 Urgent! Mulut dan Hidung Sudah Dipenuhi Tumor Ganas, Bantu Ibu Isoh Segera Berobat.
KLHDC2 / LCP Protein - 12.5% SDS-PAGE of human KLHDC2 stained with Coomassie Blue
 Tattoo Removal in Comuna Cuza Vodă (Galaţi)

* * *

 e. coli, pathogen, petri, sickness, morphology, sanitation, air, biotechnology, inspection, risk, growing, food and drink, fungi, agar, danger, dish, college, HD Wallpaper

==

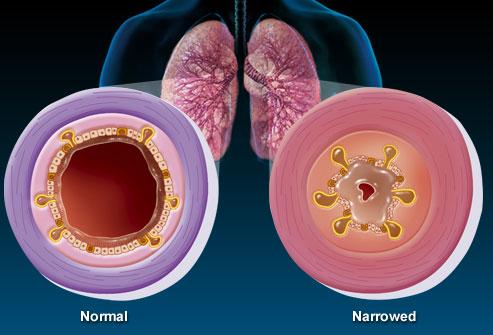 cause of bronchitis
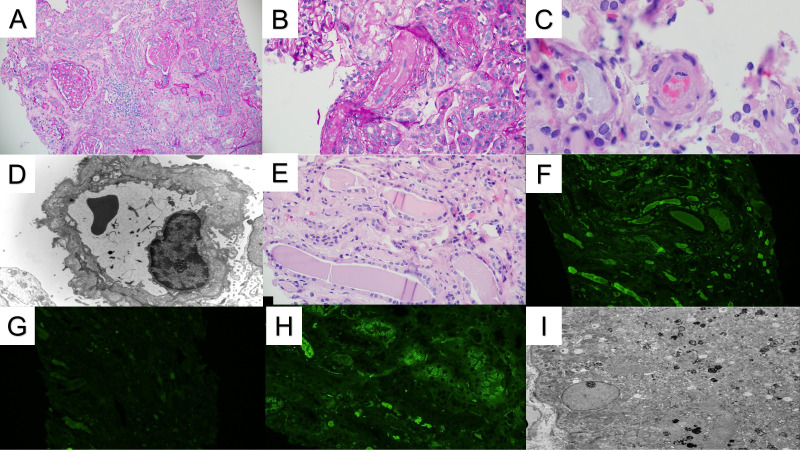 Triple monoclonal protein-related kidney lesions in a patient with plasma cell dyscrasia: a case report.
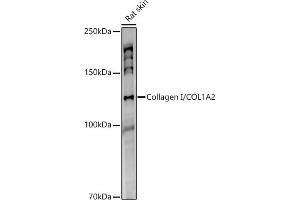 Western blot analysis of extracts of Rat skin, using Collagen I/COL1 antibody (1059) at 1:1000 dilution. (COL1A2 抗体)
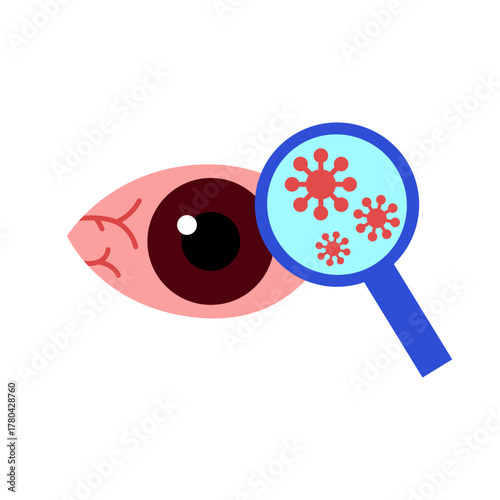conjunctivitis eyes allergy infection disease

*Exercise directions:* In the listing above, locate the line containing "Urgent! Mulut dan" and the line containing "Tattoo Removal in Comuna Cuza Vodă (Galaţi)". Extract those two lines and every line between them, exactly as written, and only those.

*Solved exercise:*
 Urgent! Mulut dan Hidung Sudah Dipenuhi Tumor Ganas, Bantu Ibu Isoh Segera Berobat.
KLHDC2 / LCP Protein - 12.5% SDS-PAGE of human KLHDC2 stained with Coomassie Blue
 Tattoo Removal in Comuna Cuza Vodă (Galaţi)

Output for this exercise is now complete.